Alex Zayne is an American professional wrestler. He is best known for his tenure with WWE where he wrestled on the NXT and WWE 205 Live brands under the ring name Ari Sterling.

He has also appeared on Impact Wrestling, Ring of Honor, NJPW Strong and Game Changer Wrestling.

Professional wrestling career

New Japan Pro Wrestling (2019-2021; 2021-Present)

Zayne made his debut in NJPW on November 11, 2019 at New Japan Showdown, in a tag team match, where he and Aaron Solow lost against Amazing Red and T. J. Perkins. Since March 2020, due to the COVID-19 pandemic in the United States, Zayne was unable to work on NJPW events in Japan, leading him to take part in NJPW Strong series. His big matches and performances led him to a WWE Try-out, which he pass leading him to leaving NJPW and be signed with WWE in the spring of 2021.

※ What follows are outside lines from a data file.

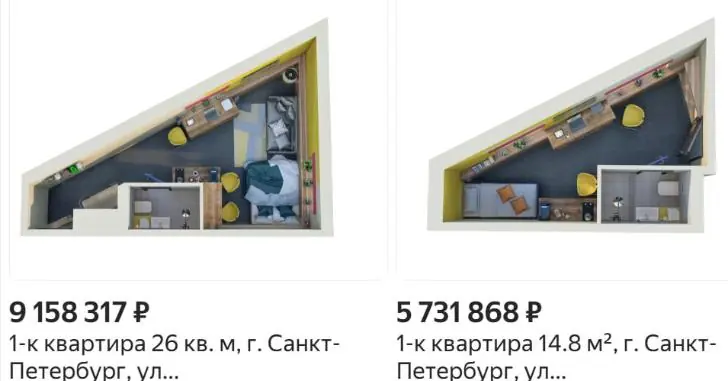 Треугольные квартирки-гробики стали продавать в России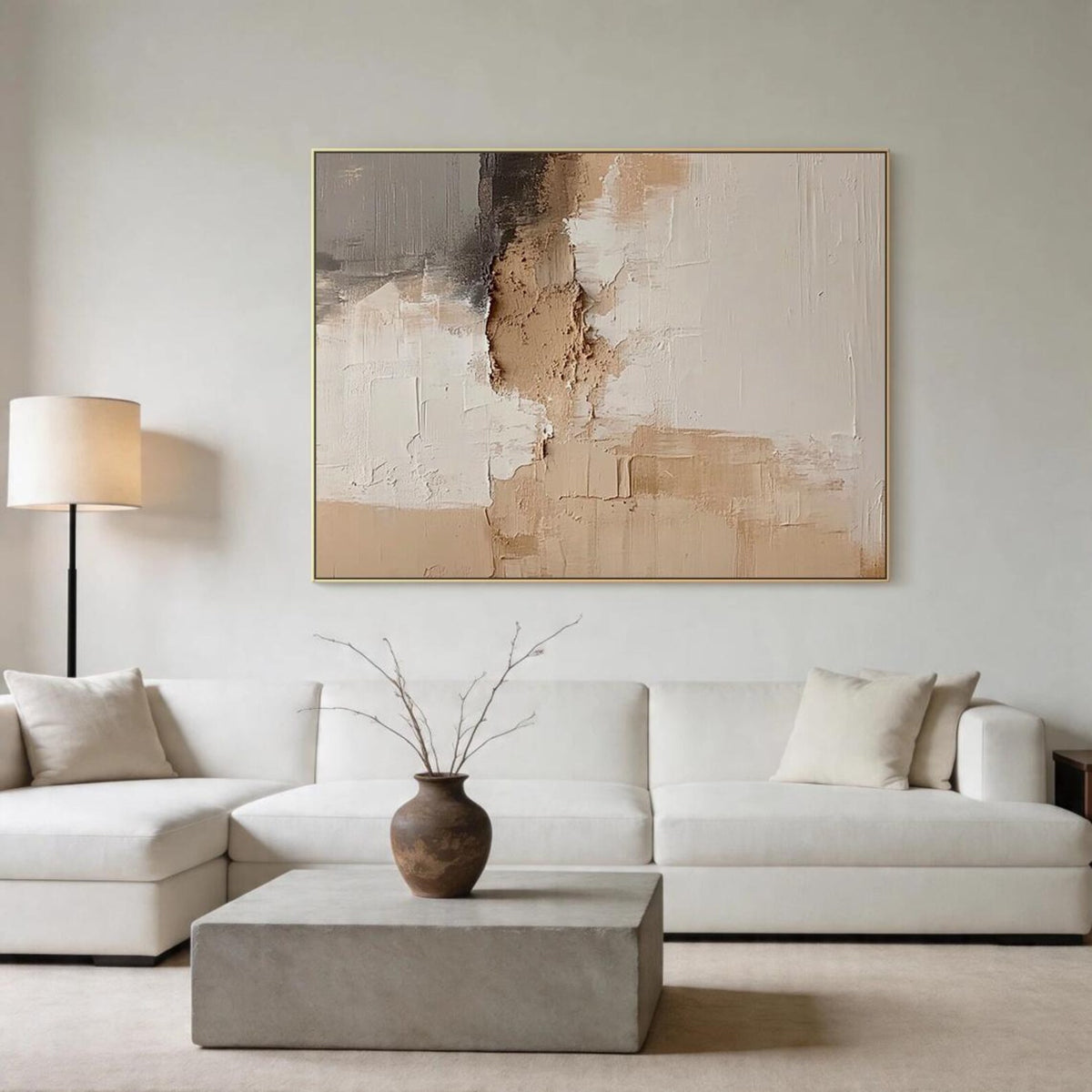 Quiet Layers – Beige Textured Abstract Wall Art#ip0921081
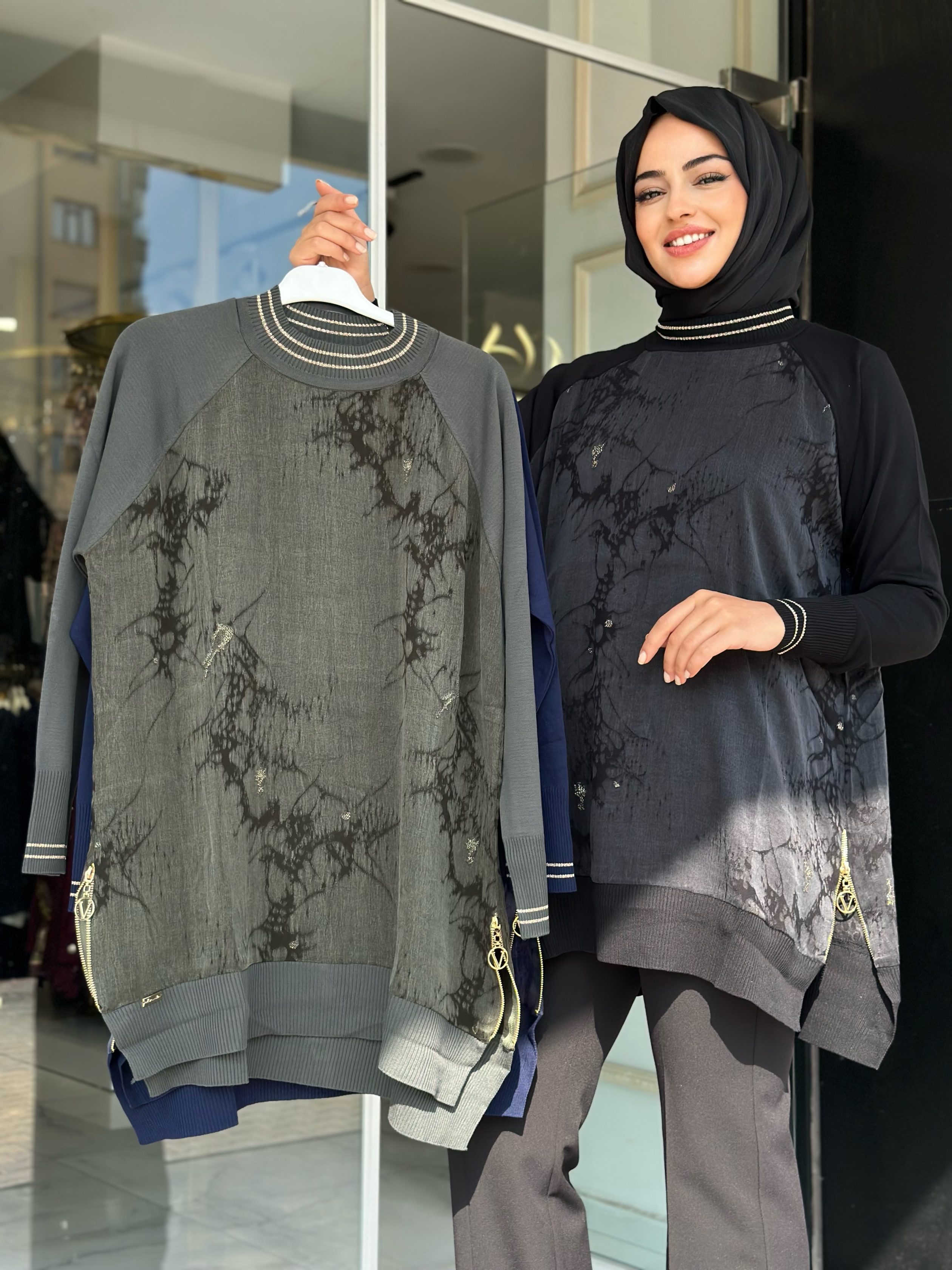 İpek Qupra Yanları Fermuarlı Triko Tunik - Siyah / Mavi / Haki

In the fall of 2021, Zayne was released from WWE as part of budget cuts relating to the Coronavirus (COVID-19) pandemic, and returned to NJPW Strong, and made his return match at New Japan Showdown defeating Ariya Davari. Zayne then later faced Will Ospreay on November 17, at the second NJPW's XTRA show in a losing effort. On May 1, Zayne was announced to take part in the 2022 Best of the Super Juniors in Japan. At the tournament, Zayned finished the tournament with a record of four wins and five losses, failing to advance to the finals of the tournament. During the tournament, Zayne formed a tag team with Ace Austin. However, on June 3, Austin joined the Bullet Club, this led Zayne questioning Austin's actions before being layed out by Austin and the Bullet Club. On the June 20th episode of IMPACT, Austin defeated Zayne with the help of Chris Bey.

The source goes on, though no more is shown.